[iDC] Curating New Media Art
John Hopkins
jhopkins at commspeed.net
Wed Apr 12 13:53:44 EDT 2006
Hallo Honor
> >I also pointed to examples of projects where artists don't make
> >"works" per se, but rather make "frameworks"** for others to
> >contribute, and I sited examples such as r a d i o q u a l i a 's The
This idea/concept is nothing new, I would remind you... Countless
mail-art projects were based on this principle, not to mention Fluxus
events among others (I'll leave other examples ot the historians...)
>I believe Trebor would refer to this as 'context provision', and
>suggest that the 'artists' (ie, Marko, Mongrel & r a d i o q u a l i
>a) are 'context providers' in these situations.
I feel that the term 'context provision' is perhaps a special limited
case (albeit by the meaning of the words) though. For example, for
me it sounds too neutral -- which the process definitely isn't.
Facilitation is one concept, perhaps -- where the artist is
facilitating the situation.
I envision this, when teaching, as a situation where I am pushing
back the dominant social constrictions on relation within a certain
'defined space' -- this space-creating process, when done properly,
allows something else to go on within that space which would normally
not happen. (and by space, I'm not talking about the material
Cartesian spaces**, but a psychic space mostly: the energized locus
of full-spectrum human relation).
How is this done? The actual process depends on those who have
chosen to occupy that space with me (and each other) -- it is highly
reflective of each individual who choses to join in.

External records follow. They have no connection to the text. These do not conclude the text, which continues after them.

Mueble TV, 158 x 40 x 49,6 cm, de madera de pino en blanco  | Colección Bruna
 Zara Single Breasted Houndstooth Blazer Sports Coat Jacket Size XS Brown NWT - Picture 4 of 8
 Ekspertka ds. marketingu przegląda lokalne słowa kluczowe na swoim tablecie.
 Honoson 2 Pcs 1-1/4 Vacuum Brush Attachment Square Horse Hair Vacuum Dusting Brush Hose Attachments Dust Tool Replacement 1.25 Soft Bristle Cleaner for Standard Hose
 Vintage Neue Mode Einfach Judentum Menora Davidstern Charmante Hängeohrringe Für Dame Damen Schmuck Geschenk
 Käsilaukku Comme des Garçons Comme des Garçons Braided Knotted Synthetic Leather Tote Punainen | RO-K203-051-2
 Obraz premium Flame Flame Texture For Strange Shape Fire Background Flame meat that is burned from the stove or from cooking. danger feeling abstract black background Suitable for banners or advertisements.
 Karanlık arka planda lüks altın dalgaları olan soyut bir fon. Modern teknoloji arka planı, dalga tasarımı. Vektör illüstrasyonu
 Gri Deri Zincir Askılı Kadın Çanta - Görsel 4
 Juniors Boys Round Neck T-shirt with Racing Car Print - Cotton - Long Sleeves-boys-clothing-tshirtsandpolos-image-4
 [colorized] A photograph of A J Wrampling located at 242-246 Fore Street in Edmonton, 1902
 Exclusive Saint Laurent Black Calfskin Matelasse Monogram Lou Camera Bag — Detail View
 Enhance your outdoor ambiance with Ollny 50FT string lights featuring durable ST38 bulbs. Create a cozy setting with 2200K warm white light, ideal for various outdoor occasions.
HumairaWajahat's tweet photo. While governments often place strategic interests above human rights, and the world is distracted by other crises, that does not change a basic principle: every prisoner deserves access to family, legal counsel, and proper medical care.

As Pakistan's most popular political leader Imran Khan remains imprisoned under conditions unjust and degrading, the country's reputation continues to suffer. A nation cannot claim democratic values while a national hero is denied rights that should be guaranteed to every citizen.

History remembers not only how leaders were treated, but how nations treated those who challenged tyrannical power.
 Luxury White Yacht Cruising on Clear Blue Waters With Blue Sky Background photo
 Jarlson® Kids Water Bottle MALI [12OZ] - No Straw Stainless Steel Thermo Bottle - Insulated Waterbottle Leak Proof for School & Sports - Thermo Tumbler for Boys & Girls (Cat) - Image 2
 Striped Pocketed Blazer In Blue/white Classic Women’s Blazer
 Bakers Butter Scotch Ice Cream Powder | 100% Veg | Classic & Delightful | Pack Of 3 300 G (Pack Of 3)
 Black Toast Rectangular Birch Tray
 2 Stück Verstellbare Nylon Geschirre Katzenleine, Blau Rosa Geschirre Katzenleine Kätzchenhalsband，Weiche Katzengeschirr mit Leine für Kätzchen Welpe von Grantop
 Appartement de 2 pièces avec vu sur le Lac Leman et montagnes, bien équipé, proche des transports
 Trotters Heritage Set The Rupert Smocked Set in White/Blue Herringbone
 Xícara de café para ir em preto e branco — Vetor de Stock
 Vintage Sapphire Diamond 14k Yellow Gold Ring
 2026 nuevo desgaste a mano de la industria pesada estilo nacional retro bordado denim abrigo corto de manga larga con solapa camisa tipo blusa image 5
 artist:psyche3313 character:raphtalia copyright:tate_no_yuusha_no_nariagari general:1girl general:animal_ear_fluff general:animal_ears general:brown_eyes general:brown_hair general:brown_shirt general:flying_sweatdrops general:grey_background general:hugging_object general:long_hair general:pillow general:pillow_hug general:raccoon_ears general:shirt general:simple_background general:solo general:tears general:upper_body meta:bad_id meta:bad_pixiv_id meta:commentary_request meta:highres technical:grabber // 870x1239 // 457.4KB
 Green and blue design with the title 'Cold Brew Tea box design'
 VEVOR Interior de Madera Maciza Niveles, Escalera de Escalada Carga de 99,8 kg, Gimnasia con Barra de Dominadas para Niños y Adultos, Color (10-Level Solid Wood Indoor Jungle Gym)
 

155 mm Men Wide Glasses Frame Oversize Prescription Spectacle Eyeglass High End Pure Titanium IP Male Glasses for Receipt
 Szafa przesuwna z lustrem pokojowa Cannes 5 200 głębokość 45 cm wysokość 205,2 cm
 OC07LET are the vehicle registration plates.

I see the process as a facilitation of trust; as a re-formation of
possible creative channels between participants (as compared to the
channels that the social system imposes on them); as an explicit or
implicit critique-through-praxis of that dominant system; uh, what
else.
Thus, with those comments, I guess I feel that putting a two-word
description 'context provision' is far to reductive of a highly
complex process... Take for example, Mongrel -- although I didn't
know the crew too well, what I saw of their praxis, it was MUCH more
than context provision -- it was a life-praxis that the members lived
through as vital members of a community...
** this is another example where the language of materialism simply
cannot circumscribe the phenomena of networks and organic
distriibuted systems. I would encourage a critical engagement and
subsequent search for language that transcends materialism.